When Karen and Thomas arrived they pulled up in an antique car. My dad would be surprised that I didn’t take note of the make and model. Anyway, it was so fitting for their entrance. In France they throw lavender on the newlyweds as opposed to rice. So we all greeted them with the lavender shower.

Right after that we were able to steal a couple moments with Karen. Eliza’s a make up artist (on the side) and Karen had asked her in advance to touch up her makeup for the reception. So just the three of us went in to the house and exchanged some laughs and briefly caught up. I was telling Karen how I met all her family and was hoping to meet Marc, who started this all. She told me he unfortunately is battling MS and was unable to attend the wedding. I still hope to meet him one day.

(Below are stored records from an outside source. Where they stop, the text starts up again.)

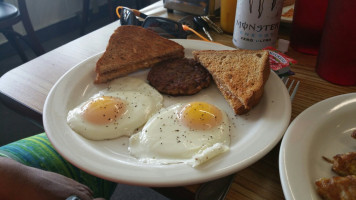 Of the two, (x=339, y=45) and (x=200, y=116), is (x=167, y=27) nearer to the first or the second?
(x=200, y=116)

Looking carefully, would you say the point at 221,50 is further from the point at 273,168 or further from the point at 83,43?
the point at 83,43

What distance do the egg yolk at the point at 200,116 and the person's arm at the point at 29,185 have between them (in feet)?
1.31

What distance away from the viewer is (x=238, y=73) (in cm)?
107

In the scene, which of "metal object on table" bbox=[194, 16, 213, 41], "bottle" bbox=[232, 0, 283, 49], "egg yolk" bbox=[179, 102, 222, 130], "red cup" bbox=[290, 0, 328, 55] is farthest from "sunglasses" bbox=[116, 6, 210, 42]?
"egg yolk" bbox=[179, 102, 222, 130]

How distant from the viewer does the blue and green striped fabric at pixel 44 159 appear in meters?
0.96

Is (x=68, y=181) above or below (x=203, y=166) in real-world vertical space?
below

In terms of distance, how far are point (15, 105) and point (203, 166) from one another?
0.84 metres

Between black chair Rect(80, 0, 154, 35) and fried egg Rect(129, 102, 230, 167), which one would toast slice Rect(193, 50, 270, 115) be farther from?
black chair Rect(80, 0, 154, 35)

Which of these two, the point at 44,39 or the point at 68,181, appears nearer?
the point at 68,181

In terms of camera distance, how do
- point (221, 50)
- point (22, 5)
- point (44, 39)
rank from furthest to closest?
point (44, 39) < point (22, 5) < point (221, 50)

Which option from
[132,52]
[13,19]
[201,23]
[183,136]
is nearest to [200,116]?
[183,136]

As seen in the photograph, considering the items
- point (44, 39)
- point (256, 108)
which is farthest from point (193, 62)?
point (44, 39)

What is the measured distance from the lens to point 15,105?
43.9 inches

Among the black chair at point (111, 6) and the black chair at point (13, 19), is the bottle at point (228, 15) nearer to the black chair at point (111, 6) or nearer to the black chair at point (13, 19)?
the black chair at point (13, 19) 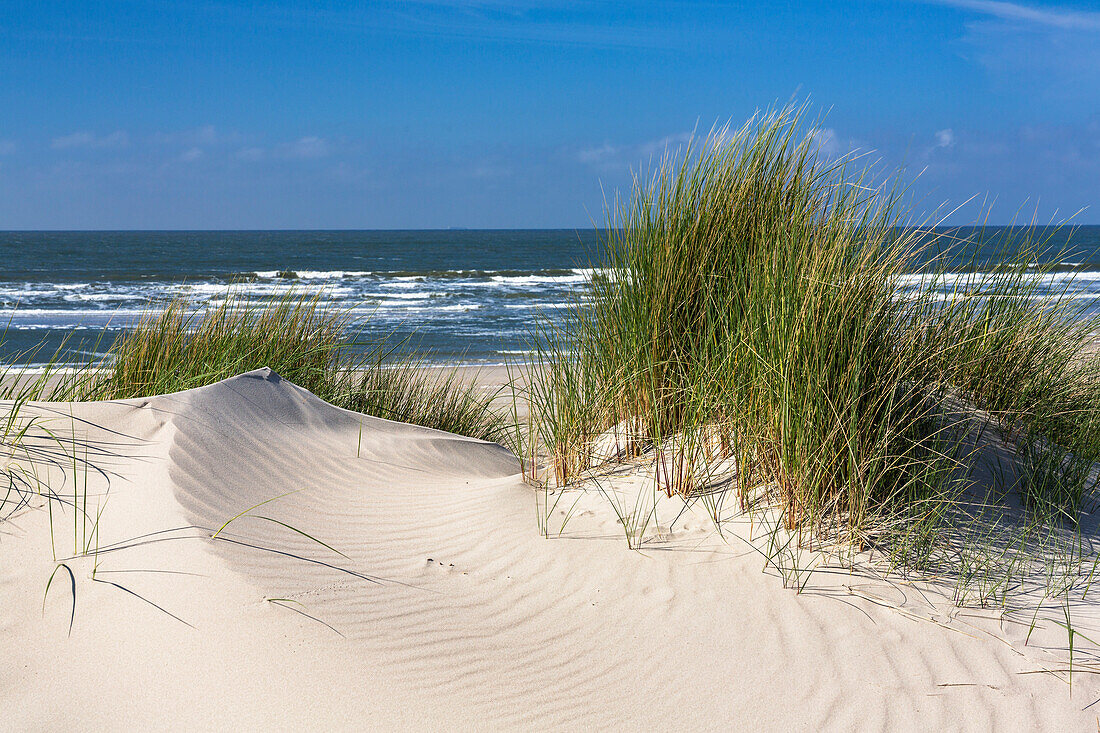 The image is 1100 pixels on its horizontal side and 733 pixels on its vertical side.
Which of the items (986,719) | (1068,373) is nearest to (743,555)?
(986,719)

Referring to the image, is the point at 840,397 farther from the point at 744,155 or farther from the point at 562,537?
the point at 744,155

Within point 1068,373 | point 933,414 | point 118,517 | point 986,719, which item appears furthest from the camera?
point 1068,373

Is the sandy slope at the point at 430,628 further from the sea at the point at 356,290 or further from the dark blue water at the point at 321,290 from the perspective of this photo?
the dark blue water at the point at 321,290

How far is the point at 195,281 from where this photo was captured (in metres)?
27.2

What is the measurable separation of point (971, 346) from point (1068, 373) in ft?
2.80

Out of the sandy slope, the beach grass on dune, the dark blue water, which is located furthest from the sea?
the sandy slope

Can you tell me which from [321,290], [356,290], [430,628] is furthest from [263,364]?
[356,290]

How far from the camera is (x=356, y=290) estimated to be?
25.1 metres

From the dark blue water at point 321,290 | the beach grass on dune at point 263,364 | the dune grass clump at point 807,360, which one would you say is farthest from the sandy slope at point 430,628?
the dark blue water at point 321,290

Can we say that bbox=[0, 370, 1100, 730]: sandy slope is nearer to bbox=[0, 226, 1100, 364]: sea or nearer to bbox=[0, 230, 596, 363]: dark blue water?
bbox=[0, 226, 1100, 364]: sea

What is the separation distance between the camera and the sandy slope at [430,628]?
7.20 ft

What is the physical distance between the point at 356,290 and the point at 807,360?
76.8ft

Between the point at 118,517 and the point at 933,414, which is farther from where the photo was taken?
the point at 933,414

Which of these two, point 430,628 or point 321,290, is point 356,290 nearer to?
point 321,290
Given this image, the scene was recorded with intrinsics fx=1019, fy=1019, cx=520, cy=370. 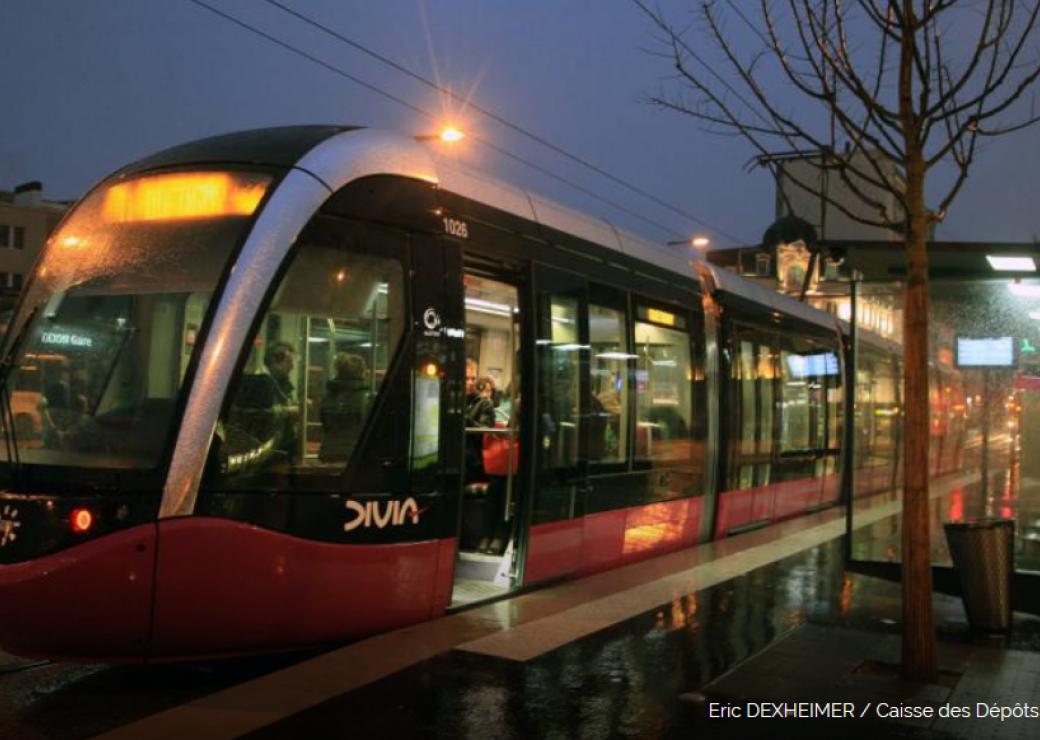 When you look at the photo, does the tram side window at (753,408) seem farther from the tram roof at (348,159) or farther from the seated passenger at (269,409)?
the seated passenger at (269,409)

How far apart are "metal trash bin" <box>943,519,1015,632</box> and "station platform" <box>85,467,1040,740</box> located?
0.20 metres

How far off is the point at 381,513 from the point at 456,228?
216 cm

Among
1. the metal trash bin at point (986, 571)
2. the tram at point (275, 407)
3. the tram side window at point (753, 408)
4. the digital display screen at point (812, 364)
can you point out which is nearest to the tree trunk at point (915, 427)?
the metal trash bin at point (986, 571)

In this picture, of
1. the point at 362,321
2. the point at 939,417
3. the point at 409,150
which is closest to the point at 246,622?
the point at 362,321

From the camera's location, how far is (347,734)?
520cm

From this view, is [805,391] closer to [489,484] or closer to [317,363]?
[489,484]

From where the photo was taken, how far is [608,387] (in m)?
9.56

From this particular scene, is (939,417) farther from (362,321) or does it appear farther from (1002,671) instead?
(362,321)

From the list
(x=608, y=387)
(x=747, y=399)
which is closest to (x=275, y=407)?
(x=608, y=387)

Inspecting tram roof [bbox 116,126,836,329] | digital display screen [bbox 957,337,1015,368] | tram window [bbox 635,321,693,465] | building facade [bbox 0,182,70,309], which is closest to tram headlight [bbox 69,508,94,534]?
tram roof [bbox 116,126,836,329]

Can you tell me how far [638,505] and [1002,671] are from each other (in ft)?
13.4

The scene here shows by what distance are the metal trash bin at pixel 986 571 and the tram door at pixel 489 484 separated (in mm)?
3501

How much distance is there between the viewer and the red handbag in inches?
347

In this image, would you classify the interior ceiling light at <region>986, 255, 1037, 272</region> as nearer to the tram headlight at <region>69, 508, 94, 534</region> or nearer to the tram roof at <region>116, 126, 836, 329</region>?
the tram roof at <region>116, 126, 836, 329</region> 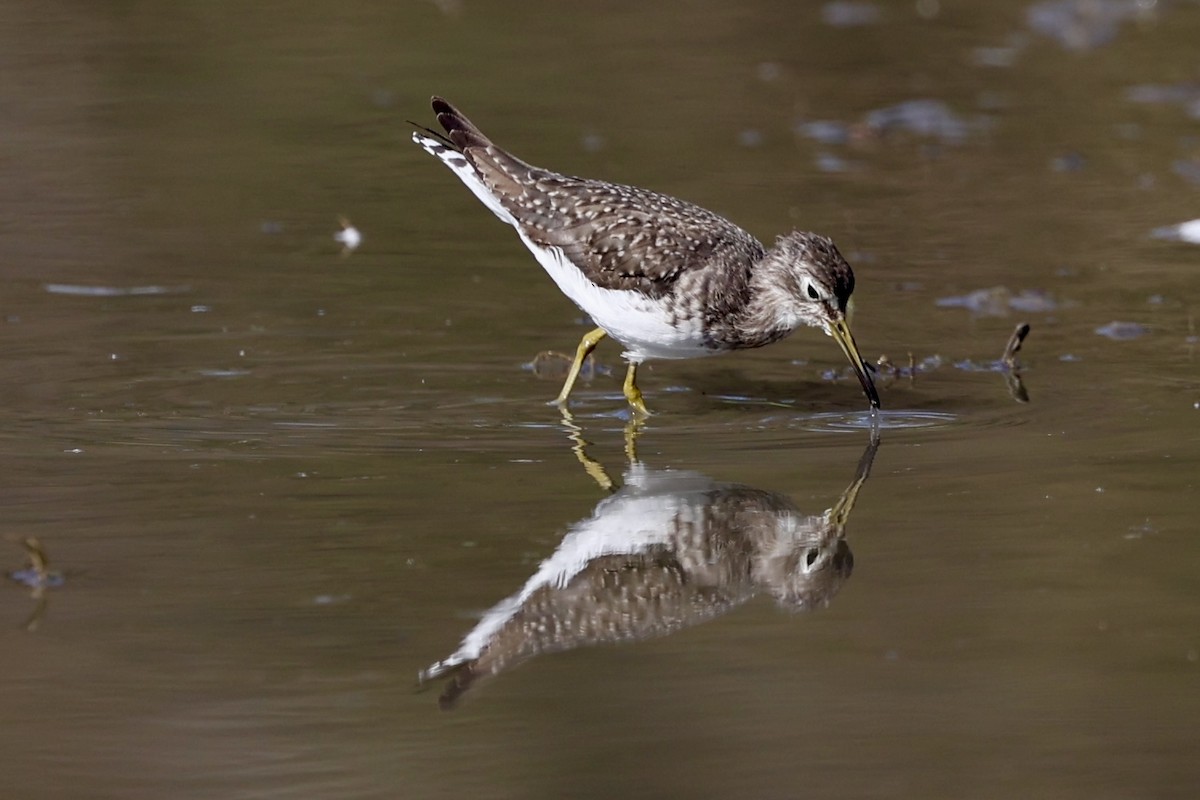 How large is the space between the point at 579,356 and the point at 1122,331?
2699 mm

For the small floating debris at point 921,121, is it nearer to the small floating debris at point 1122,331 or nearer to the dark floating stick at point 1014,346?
the small floating debris at point 1122,331

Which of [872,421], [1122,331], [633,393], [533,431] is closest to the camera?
[533,431]

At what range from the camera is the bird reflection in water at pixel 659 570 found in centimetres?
520

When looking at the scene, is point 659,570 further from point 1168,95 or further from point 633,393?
point 1168,95

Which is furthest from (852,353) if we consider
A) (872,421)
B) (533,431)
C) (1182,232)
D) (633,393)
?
(1182,232)

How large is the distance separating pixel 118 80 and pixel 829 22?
6501mm

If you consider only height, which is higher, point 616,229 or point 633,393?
point 616,229

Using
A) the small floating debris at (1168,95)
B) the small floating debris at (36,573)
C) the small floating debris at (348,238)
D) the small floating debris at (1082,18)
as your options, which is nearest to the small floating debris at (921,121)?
the small floating debris at (1168,95)

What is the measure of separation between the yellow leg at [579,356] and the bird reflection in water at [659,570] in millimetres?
1453

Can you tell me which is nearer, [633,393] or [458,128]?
[633,393]

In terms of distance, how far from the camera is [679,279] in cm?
829

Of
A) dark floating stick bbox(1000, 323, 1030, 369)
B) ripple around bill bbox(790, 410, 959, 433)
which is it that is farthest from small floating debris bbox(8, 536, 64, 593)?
dark floating stick bbox(1000, 323, 1030, 369)

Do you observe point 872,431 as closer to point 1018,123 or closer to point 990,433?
point 990,433

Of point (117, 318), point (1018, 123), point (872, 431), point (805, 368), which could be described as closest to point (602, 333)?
point (805, 368) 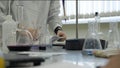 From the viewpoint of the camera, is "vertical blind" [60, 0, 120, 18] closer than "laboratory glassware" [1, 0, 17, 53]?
No

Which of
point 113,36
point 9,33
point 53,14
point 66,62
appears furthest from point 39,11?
point 66,62

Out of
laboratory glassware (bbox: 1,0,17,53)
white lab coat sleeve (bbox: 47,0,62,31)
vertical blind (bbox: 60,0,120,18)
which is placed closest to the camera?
laboratory glassware (bbox: 1,0,17,53)

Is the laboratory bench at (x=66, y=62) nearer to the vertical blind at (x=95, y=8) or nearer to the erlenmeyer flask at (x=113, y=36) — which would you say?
the erlenmeyer flask at (x=113, y=36)

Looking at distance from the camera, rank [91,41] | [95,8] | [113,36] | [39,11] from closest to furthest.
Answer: [91,41] < [113,36] < [39,11] < [95,8]

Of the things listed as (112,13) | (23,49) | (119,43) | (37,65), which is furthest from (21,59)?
(112,13)

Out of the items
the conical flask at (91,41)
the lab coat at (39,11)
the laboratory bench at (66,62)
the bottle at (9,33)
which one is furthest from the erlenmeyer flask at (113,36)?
the lab coat at (39,11)

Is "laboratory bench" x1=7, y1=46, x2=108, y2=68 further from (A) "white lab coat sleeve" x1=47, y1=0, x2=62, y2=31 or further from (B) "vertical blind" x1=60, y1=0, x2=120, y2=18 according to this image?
(B) "vertical blind" x1=60, y1=0, x2=120, y2=18

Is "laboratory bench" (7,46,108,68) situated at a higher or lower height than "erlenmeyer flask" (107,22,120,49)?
lower

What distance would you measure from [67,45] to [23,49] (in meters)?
0.40

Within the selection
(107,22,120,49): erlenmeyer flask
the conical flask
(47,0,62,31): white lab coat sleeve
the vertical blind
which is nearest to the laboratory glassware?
the conical flask

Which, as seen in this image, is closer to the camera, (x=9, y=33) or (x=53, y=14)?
(x=9, y=33)

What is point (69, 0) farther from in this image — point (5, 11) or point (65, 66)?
point (65, 66)

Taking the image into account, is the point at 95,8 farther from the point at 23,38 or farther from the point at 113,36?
the point at 23,38

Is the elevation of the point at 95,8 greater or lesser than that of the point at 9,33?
greater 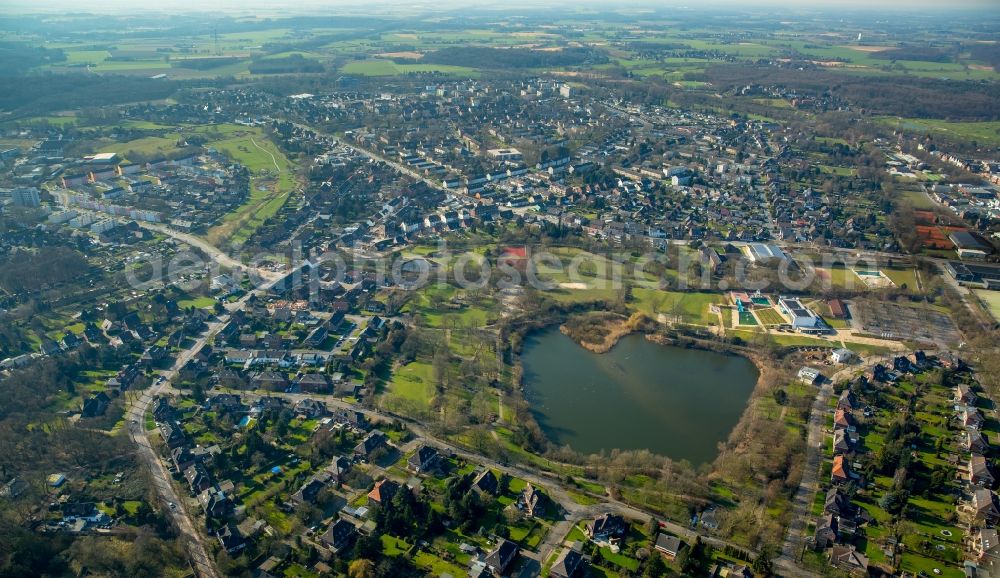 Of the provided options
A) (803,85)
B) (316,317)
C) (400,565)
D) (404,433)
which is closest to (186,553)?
(400,565)

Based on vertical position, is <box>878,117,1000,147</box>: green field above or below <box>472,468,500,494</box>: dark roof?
above

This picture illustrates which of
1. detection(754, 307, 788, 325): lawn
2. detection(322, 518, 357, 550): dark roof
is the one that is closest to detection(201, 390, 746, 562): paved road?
detection(322, 518, 357, 550): dark roof

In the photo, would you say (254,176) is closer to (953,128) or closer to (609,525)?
(609,525)

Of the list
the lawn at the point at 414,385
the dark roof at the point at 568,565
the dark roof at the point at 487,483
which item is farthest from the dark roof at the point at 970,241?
the dark roof at the point at 568,565

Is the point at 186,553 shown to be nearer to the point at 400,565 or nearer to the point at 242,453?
the point at 242,453

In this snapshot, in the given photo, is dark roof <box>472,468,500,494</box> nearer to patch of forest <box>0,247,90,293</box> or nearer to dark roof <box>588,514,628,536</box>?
dark roof <box>588,514,628,536</box>

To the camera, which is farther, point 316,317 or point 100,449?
point 316,317

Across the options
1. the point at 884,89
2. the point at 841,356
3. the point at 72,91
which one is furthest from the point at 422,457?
the point at 884,89

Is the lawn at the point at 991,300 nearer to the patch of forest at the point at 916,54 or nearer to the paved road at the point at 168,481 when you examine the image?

Eliza had her makeup done in a jiffy. They took some more pictures and we got to speak to Karen’s aunt who was formerly an English teacher. We had a really nice conversation about the benefits of exchanges. And the beauty of those relationships. Then it was time for the ceremony. This was a unique experience. All the guests congregated into a barn styled room. The bride and groom sat on a vintage couch under a wedding arch. Then each member of their bridal party gave a short speech. There were many happy tears. And even a couple musical performances. Of course all of this was in French and Eliza leaned over to translate things throughout the ceremony. Last but not least the bride and groom thanked everyone for their words and attendance. Karen gave Eliza and I a special shoutout in English. Even Eliza, who I don’t think I’ve ever seen cry in 17 years of friendship, shed a tear at Karen’s address to us.

Then it was party time. There was a cocktail hour with MANY food options. And of course more pictures.

During cocktail hour we were approached by a young lady named Inès. She introduced herself as Karen’s cousin and asked if she could practice her English with us. Of course we were happy to oblige. She was only 16 but her English was EXCELLENT. My goodness she reminded me of myself at that age. It turns out we were seated at the same table. So we spoke to her and her younger sister quite extensively. We exchanged emails and I told her to contact me whenever she wants. And also that whenever she wants to come to the States, she’s more than welcome to stay with Eliza and I.

We had a lovely 3 course meal and then it was time to dance and mingle some more with the other guests. They played the shoe game and a music guessing game too.

The party ended around 4:30 am. Yeah. The French go hard.

So that was it. We went to our hotel and rested a bit before heading back for the 12pm brunch later that day.